My family adores Christmas, and Mama B loves it the most. I mean, she L-O-V-E-S it. She would happily start listening to Christmas music on November 1 if we hadn’t imposed a rule around 15 years ago that she’s not allowed to play it in the house until after Thanksgiving. Even now, it’s practically tradition that the house is blasting her favorite Vanessa Williams album by 7:30 a.m. on Black Friday. Since children aren’t allowed to like things parents like until you grow up and realize how cool your parents are, I tried turning my nose up at all things holiday, scoffing at Mama B’s Christmas-themed wreath pin and Papa B’s ridiculous snowman tie, but even in my most sullen teenage years I couldn’t ever resist the soft glow of the white lights around the trees. I have such wonderful memories our little family traditions, like how my siblings and I would wait at the top of the stairs as children so my parents could “check that Santa came” (/make coffee because it was probably at or before 5 a.m.), or how we wouldn’t open stockings until after church, a tradition that carries into today. Many traditions have stayed the same, like Mama B getting everyone new pajamas on Christmas Eve, but we’ve made some fantastic new ones too, like making sure by 11 a.m., everyone is in possession of holiday spirits.

Not a typo. Spirits, plural. As in, my new favorite thing to do on baby Jesus’s birthday is mix drinks with my family.

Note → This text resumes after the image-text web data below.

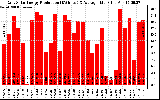 Solar PV/Inverter Performance Daily Solar Energy Production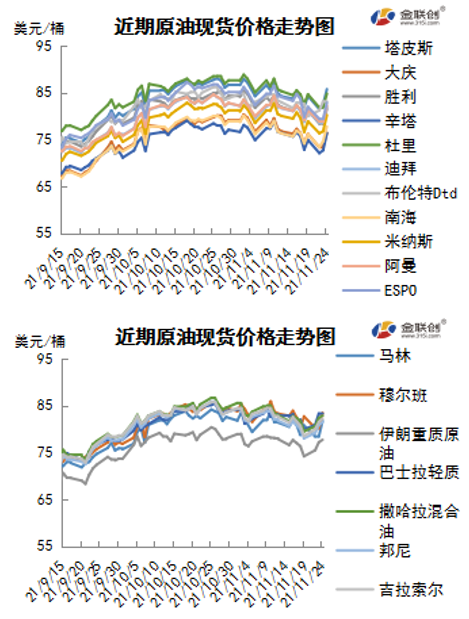 美国放储或难救市 国际油价V型反弹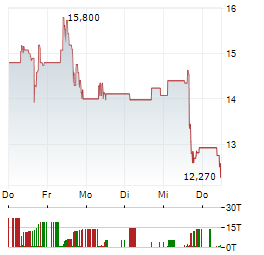 XANADU QUANTUM TECHNOLOGIES Aktie 5-Tage-Chart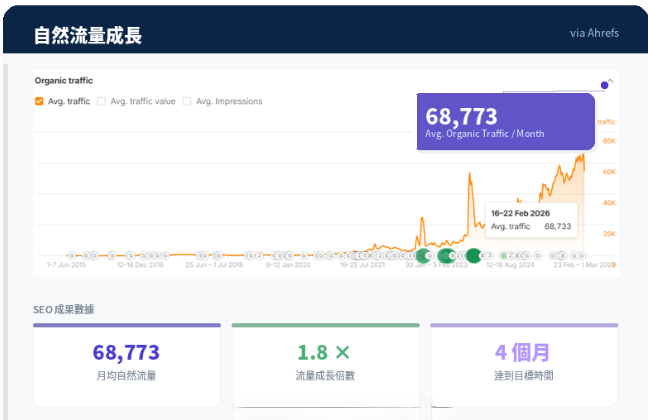 laownian website_hero_ahrefs 圖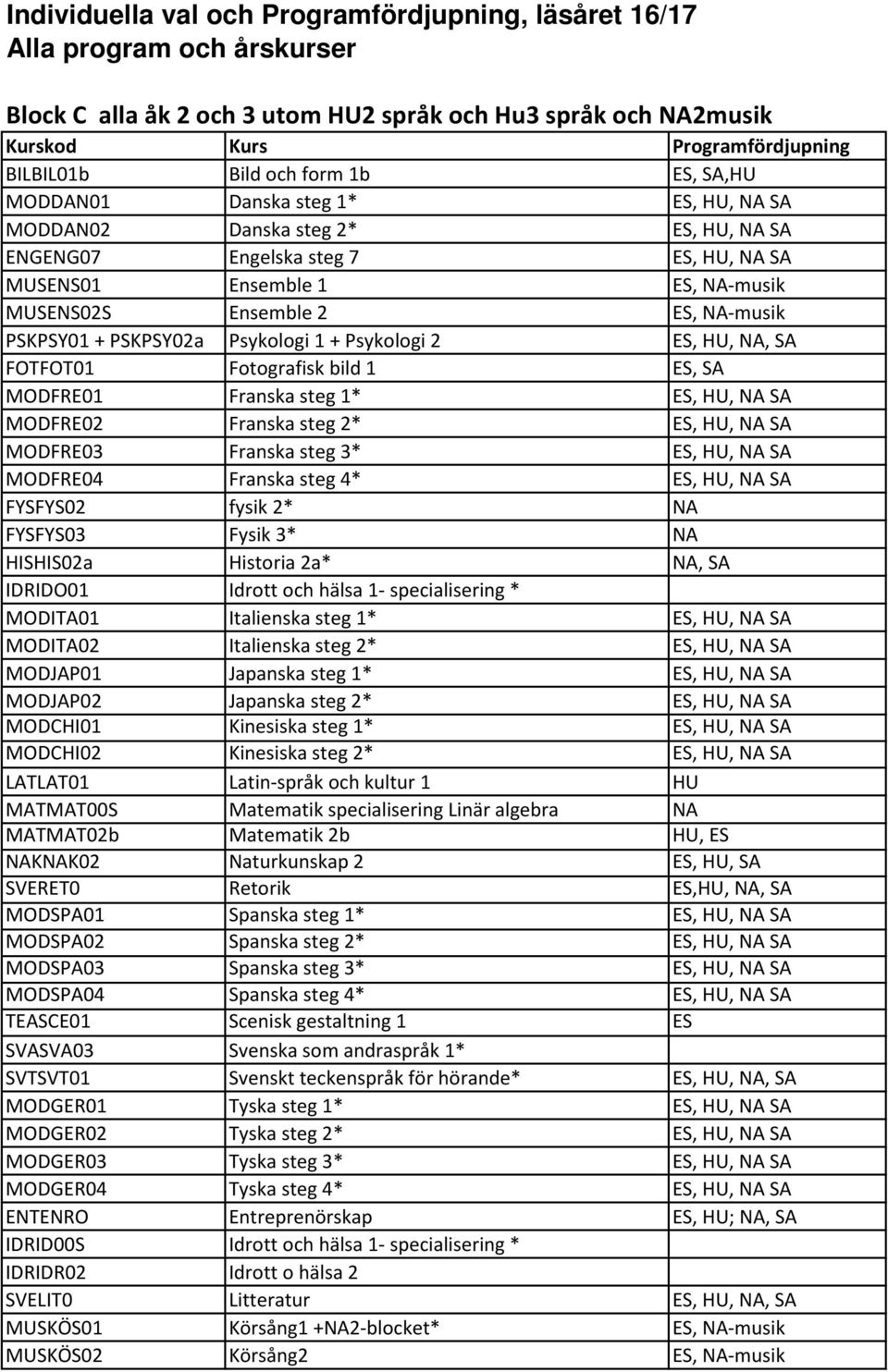 PSKPSY01 + PSKPSY02a Psykologi 1 + Psykologi 2 ES, HU, NA, SA FOTFOT01 Fotografisk bild 1 ES, SA MODFRE01 Franska steg 1* ES, HU, NA SA MODFRE02 Franska steg 2* ES, HU, NA SA MODFRE03 Franska steg 3*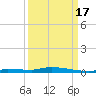 North Harris Channel tide chart for Wednesday, September 17, 2025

It’s hard being home as an adult sometimes. Outside of that house, you’ve got an independent life, where you’re paying bills and working in the real world, and yet somehow the second you’re back sleeping in the no-longer-comfortable twin bed of your childhood, you’re still being scolded for leaving towels on the bathroom floor or sleeping in too late. The holidays can exacerbate this already semi-stressful situation, and we’ve certainly had our share of familial blow-ups over the years. And yet here we are, however many years into adult holidays, and I can’t remember a single one. But I do remember sitting near decanted wine six years ago, a special bottle for the holidays I’d brought back from my time in Argentina, and feeling the tannins coat my tongue, bringing sweet memories of those six months. And I remember my brother and Mama B accidentally spilling Harpoon Christmas Ale everywhere three years ago, after our dog jumped on the big armchair they were sharing and demanded a cuddle. And I remember waking up last year to mugs of D&D’s special slow cooker spiked cider, sipped slowly throughout the morning, aromatic and warming, while we laughed at the familiar jokes in A Christmas Story over and over.

This Christmas season is going to be a little different for my family, as Mama and papa B prepare to spend most of the month in Europe, galavanting across multiple countries, and arriving back home with just enough time to obtain and decorate a tree, and welcome us all for a long holiday break. It’s probably why I’m clinging to cups of warm cider and whiskey in my almost-decorated apartment, and forcing little miss into a Christmas collar that she absolutely hates (pics to follow). So much of my holidays have changed over the years, from feelings on carols to the people I thought I’d be spending it with at this point in my life. But with my family’s track record, we can at least hold on to a few steady pieces of the holiday season: we know Mama will start playing music the moment she can. We know we’ll all be together in matching pajamas on Christmas Eve. And we know we’ll all be toasting our wacky Christmases that are full of surprises with a drink in our hands and lots of love in our hearts.